Investor Rights Agreement

IASIS Investment is the majority stockholder of IAS, which owns 100% of the common interests of IASIS. IASIS Investment is party to an investor rights agreement with IAS. Pursuant to this agreement, IASIS Investment can cause IAS to register its interests in IAS under the Securities Act and to maintain a shelf registration statement effective with respect to such interests. IASIS Investment is also entitled to participate on a pro rata basis in any registration of our equity interests under the Securities Act that IAS may undertake. The agreement also grants IASIS Investment preemptive rights over certain additional issuances of equity securities by IAS.

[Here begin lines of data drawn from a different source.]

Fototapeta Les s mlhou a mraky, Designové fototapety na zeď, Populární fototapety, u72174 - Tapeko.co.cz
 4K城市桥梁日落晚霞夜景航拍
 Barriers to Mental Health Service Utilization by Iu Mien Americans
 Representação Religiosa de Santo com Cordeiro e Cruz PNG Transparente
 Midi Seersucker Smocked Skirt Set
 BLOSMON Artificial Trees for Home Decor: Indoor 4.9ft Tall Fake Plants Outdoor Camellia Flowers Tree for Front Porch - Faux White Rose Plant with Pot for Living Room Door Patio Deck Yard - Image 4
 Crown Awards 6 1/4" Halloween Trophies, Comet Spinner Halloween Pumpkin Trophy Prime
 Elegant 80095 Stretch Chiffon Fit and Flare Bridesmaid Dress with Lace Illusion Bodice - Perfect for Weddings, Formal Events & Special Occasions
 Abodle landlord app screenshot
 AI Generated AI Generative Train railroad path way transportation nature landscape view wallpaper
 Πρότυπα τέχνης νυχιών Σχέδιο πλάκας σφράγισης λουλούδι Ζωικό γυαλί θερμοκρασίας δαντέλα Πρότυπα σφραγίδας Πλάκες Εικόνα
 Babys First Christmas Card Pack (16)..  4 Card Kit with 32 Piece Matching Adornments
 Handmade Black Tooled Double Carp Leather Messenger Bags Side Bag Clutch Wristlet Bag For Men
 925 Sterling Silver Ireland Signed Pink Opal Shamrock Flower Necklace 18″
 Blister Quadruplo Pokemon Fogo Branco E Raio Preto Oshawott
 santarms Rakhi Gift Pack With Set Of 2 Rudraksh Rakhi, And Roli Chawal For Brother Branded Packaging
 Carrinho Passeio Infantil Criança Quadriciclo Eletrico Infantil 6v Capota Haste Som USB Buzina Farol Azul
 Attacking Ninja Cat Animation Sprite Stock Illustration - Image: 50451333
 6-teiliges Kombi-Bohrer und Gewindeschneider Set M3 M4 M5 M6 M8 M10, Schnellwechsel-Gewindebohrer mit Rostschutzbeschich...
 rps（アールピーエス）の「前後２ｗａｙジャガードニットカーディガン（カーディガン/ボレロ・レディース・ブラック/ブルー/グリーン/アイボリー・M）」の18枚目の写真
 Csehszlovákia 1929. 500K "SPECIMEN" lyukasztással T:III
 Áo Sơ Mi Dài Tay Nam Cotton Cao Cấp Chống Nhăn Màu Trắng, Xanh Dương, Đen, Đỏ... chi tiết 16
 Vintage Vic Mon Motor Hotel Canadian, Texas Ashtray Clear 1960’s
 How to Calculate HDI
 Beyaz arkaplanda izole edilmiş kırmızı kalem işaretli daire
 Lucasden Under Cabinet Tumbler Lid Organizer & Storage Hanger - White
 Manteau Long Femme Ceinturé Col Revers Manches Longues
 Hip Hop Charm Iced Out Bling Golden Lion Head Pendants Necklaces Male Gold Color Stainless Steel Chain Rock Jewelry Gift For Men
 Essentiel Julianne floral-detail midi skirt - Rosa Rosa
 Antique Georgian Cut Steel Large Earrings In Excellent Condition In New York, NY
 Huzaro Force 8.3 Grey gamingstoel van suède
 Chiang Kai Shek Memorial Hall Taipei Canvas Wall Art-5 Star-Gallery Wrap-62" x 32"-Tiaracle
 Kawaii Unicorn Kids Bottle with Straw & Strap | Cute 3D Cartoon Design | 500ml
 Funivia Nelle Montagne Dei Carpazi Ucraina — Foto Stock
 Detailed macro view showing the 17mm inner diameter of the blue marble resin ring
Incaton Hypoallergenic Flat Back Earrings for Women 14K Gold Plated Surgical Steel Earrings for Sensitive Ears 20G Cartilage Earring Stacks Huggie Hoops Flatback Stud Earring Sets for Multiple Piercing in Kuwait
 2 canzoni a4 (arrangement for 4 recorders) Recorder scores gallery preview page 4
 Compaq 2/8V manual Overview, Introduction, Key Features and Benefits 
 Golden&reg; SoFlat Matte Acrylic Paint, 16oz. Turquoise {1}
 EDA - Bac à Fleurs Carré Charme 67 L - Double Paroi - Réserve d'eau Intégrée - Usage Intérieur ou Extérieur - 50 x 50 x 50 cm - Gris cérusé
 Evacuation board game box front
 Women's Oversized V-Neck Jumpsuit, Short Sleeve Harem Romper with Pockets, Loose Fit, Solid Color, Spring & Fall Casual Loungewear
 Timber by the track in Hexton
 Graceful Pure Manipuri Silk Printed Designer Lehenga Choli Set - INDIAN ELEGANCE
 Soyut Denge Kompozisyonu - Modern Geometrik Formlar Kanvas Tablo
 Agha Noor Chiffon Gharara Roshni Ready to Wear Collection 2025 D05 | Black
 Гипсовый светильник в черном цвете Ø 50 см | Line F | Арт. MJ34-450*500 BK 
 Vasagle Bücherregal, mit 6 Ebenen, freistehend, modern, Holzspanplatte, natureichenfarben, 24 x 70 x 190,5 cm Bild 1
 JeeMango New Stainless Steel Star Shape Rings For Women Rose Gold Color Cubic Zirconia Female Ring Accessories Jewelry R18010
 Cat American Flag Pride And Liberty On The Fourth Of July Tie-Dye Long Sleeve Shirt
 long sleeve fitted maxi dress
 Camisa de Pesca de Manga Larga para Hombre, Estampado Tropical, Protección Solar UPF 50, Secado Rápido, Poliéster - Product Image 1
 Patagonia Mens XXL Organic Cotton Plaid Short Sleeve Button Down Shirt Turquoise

Management Services Agreement

We are party to a management services agreement with TPG, JLL and Trimaran. The management services agreement provides that in exchange for consulting and management advisory services that will be provided to us by the investors, we will pay an aggregate monitoring fee of 0.25% of budgeted net revenue up to a maximum of $5.0 million per fiscal year to these parties (or certain of their respective affiliates) and reimburse them for their reasonable disbursements and out-of-pocket expenses. This monitoring fee will be subordinated to the Senior Notes in the event of a bankruptcy of the company. For each of the years ended September 30, 2012, 2011 and 2010, we paid $5.0 million in monitoring fees under the management services agreement.

Income Tax Allocations

The Company and some of its subsidiaries are included in IAS’ consolidated filing group for U.S. federal income tax purposes, as well as in certain state and local income tax returns that include IAS. With respect to tax returns for any taxable period in which the Company or any of its subsidiaries are included in a tax return filing with IAS, the amount of taxes to be paid by the Company is determined, subject to some adjustments, as if it and its subsidiaries filed their own tax returns excluding IAS.

Policy on Transactions with Related Persons

On an annual basis, each director, director nominee and executive officer is required to complete a Director and Officer’s Questionnaire that requires disclosure of any transaction in which the director or executive officer has a direct or indirect material interest and in which the company participates and the amount involved exceeds $120,000. The board has not adopted a formal policy for the review, approval or ratification of such transactions. However, pursuant to the company’s corporate code of ethics, executive officers may not participate in, or benefit from, a related party transaction without the approval of the Company’s compliance officer.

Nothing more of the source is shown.